Search code examples
typestypeerrornim-lang

Nim : How to constrain an existing type


I have a question about type definition.

I would like to restrict an existing type to enforce certain additional criterion. For example, I would like to construct a type for a DNA string.

A DNA strand can be seen as an arbitrary long string of characters that only contains the characters 'A', 'C', 'G', 'T' (Nucleotides). Similarly, I would define a RNA string as a string with only characters 'A', 'C', 'G', 'U' .

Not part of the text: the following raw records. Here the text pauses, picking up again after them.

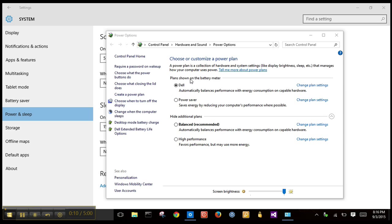Today we're going to see how to enable or disable Fast Start with Windows 10. We need to access Settings, then Power and Sleep.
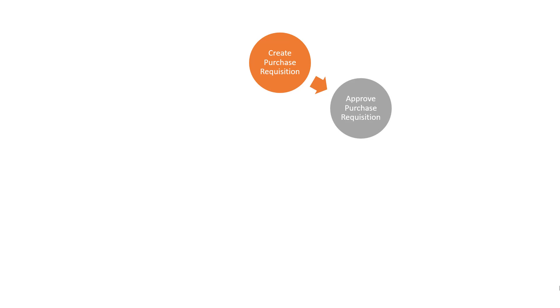In most organizations, it's necessary to obtain approval for spend. This leads us to the next step in the process: Approve Purchase Requisition. This approval can be provided offline, for example by signing a piece of paper, online by approving within the relevant financial software, or a combination of the two.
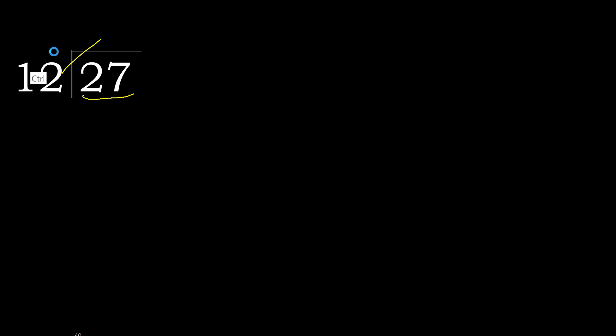12 multiplied by 3, 36. 36 is greater. 12 multiplied by 2, 24 is not greater.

A RNA string can be decomposed into codons, which is a string with only three characters among the four nucleotides ('A', 'C', 'G', 'U'). Can I make a codon type, that would automatically check (e.g. at the initialisation or after a type conversion), whether the string is of length 3 and does not contain any other characters than the ones valid ?

I have attempted to use a concept type :

var
  NucleotideSet: set[char] = {'A','C','G','U'}

type
  Nucleotide {.explain.} = concept var a
    a is char
    a in {'A','C','G','U'}

  RnaCodon = seq[Nucleotide]

but this experimental feature does not coerce existing type, it only checks if a type verifies some properties, but I might be mistaken.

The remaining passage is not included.